Python License PyPI Coverage Tests Blacksmith CI

Synth-AI — Serverless Posttraining for Agents.
Docs: Get Started →


🚀 Install latest version (0.2.25.dev1)

pip install synth-ai
# or
uv add synth-ai

Import:

import synth_ai

CLI (with uvx):

uvx synth-ai setup
uvx synth-ai demo
uvx synth-ai deploy
uvx synth-ai run
uvx synth-ai baseline  # For coding agents: get baseline scores

Full quickstart: https://docs.usesynth.ai/sdk/get-started


When you run uvx synth-ai setup, the SDK opens your browser to the Synth dashboard for a one‑time pairing (handshake) with your signed‑in session. The SDK will automatically:

Fast and effective serverless posttraining for agents, via an API.
Easily scale GPU topologies, train multi-node, and integrate with existing agent software.

Highlights

  • Scale GPU topologies (A10Gs, H100s, multi-node available on request)
  • Thin FastAPI wrapper integration
  • Supports OSS models like Qwen3 (GPT-OSS GA soon)
  • Own your trained models

🧭 Examples & Cookbooks

The old examples/ directory now lives in the Synth Cookbooks repo.


⚙️ Getting Started

Synth-AI ships with a built-in RL example: training Qwen3-0.6B on math reasoning.
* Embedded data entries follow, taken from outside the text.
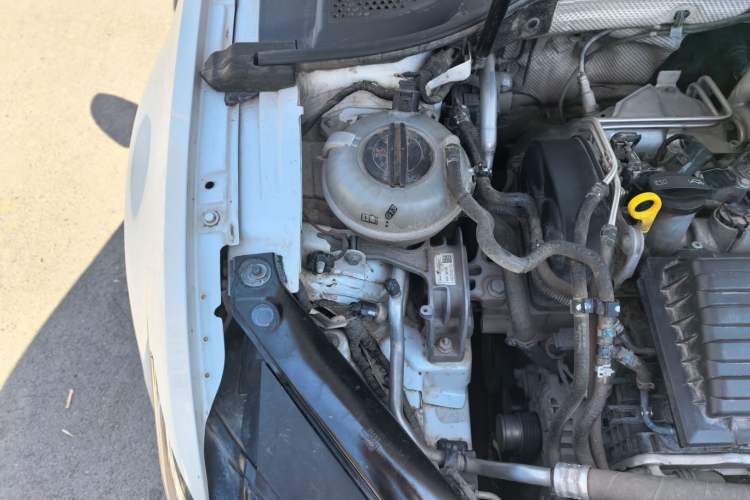 Used Volkswagen Lamando 2017 230TSI DSG Fashion Edition Engine Bay Right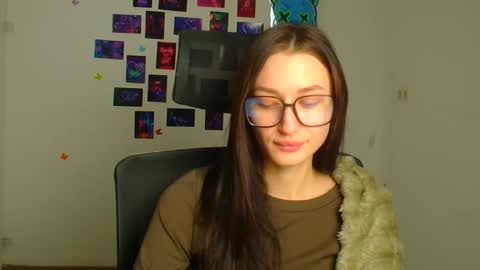 Taya online show from February 4, 6:52 am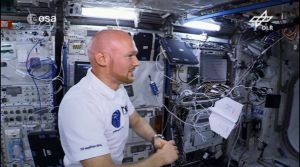 Fliegendes Klassenzimmer Raumstation ISS: Warum Papierflieger nicht abstürzen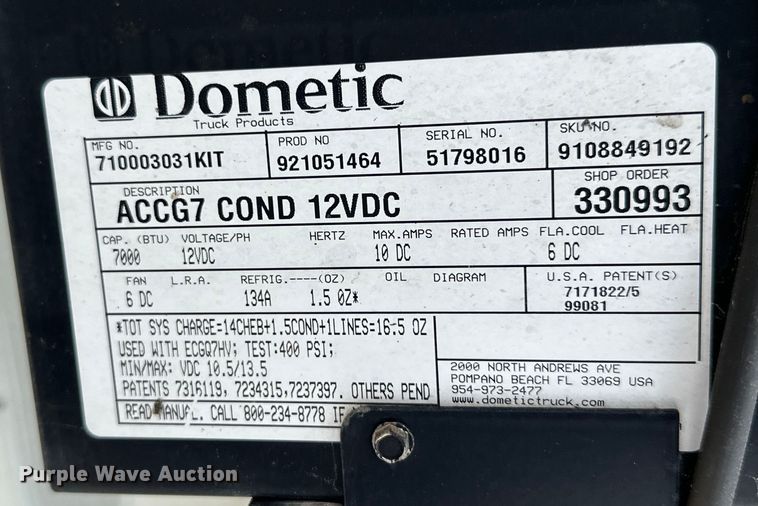 image for item EH3848 2016 Freightliner  Cascadia semi truck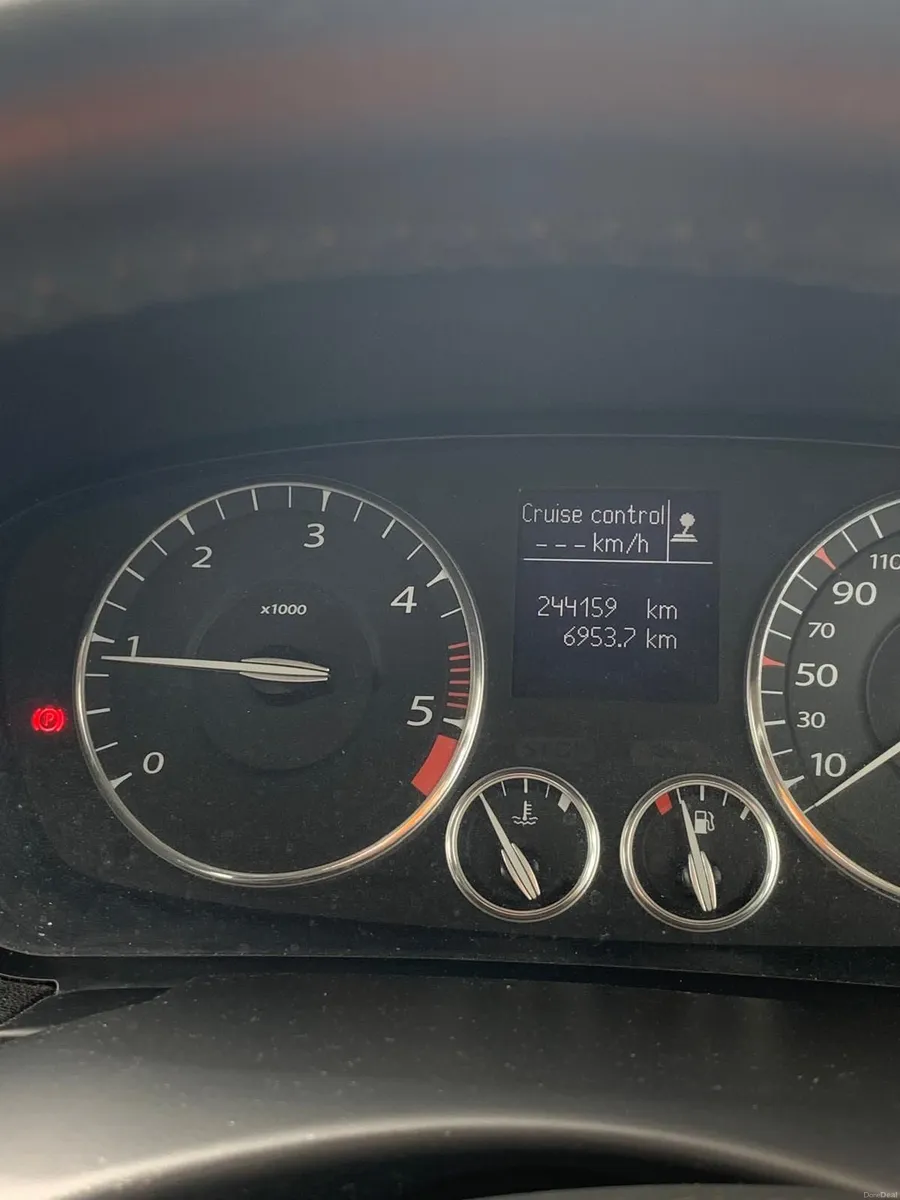 Renault Laguna 2008 Black VGC - Image 4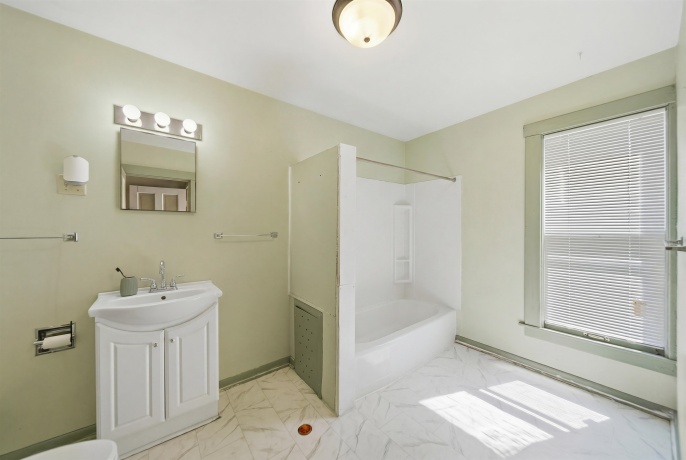 324 2nd, DIXON, Illinois 61021, ,2 Units,For Sale,2nd,202601946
  1. Create accounts at Synth and Modal

  2. Then run:

    uvx synth-ai demo
    uvx synth-ai setup
    uvx synth-ai deploy
    uvx synth-ai run
    
  3. To walk through your first RL run, see
    👉 Synth-AI SDK Docs


🤖 For Coding Agents: Get Started with Baselines

Baselines are the fastest way for coding agents to evaluate changes and measure improvement on Synth tasks.

Why Use Baselines?

Baselines provide a self-contained evaluation system that:

  • No infrastructure required — runs locally, no deployed task app needed
  • Quick feedback loop — get task-by-task results in seconds
  • Compare changes — establish a baseline score before making modifications
  • Auto-discoverable — finds baseline files automatically in your codebase

Quick Start for Coding Agents

# 1. List available baselines
uvx synth-ai baseline list

# 2. Run a quick 3-task baseline to get started
uvx synth-ai baseline banking77 --split train --seeds 0,1,2

# 3. Get your baseline score (full train split)
uvx synth-ai baseline banking77 --split train

# 4. Make your changes to the code...

# 5. Re-run to compare performance
uvx synth-ai baseline banking77 --split train --output results_after.json

Available Baselines

# Filter by task type
uvx synth-ai baseline list --tag rl          # RL tasks
uvx synth-ai baseline list --tag nlp         # NLP tasks
uvx synth-ai baseline list --tag vision      # Vision tasks

# Run specific baselines
uvx synth-ai baseline warming_up_to_rl       # Crafter survival game
uvx synth-ai baseline pokemon_vl             # Pokemon Red (vision)
uvx synth-ai baseline gepa                   # Banking77 classification

Baseline Results

Each baseline run provides:

  • Task-by-task results — see exactly which seeds succeed/fail
  • Aggregate metrics — success rate, mean/std rewards, total tasks
  • Serializable output — save to JSON with --output results.json
  • Model comparison — test different models with --model

Example output:

============================================================
Baseline Evaluation: Banking77 Intent Classification
============================================================
Split(s): train
Tasks: 10
Success: 8/10
Execution time: 12.34s

Aggregate Metrics:
  mean_outcome_reward: 0.8000
  success_rate: 0.8000
  total_tasks: 10

Creating Custom Baselines

Coding agents can create new baseline files to test custom tasks:

# my_task_baseline.py
from synth_ai.baseline import BaselineConfig, BaselineTaskRunner, DataSplit, TaskResult

class MyTaskRunner(BaselineTaskRunner):
    async def run_task(self, seed: int) -> TaskResult:
        # Your task logic here
        return TaskResult(...)

my_baseline = BaselineConfig(
    baseline_id="my_task",
    name="My Custom Task",
    description="Evaluate my custom task",
    task_runner=MyTaskRunner,
    splits={
        "train": DataSplit(name="train", seeds=list(range(10))),
    },
)

Place this file in your project (for example under cookbooks/dev/baseline/) or name it *_baseline.py for auto-discovery. Official baseline examples now live in the Synth Cookbooks repo.


🔐 SDK → Dashboard Pairing

When you run uvx synth-ai setup (or legacy uvx synth-ai rl_demo setup):

  • The SDK opens your browser to the Synth dashboard to pair your SDK with your signed-in session.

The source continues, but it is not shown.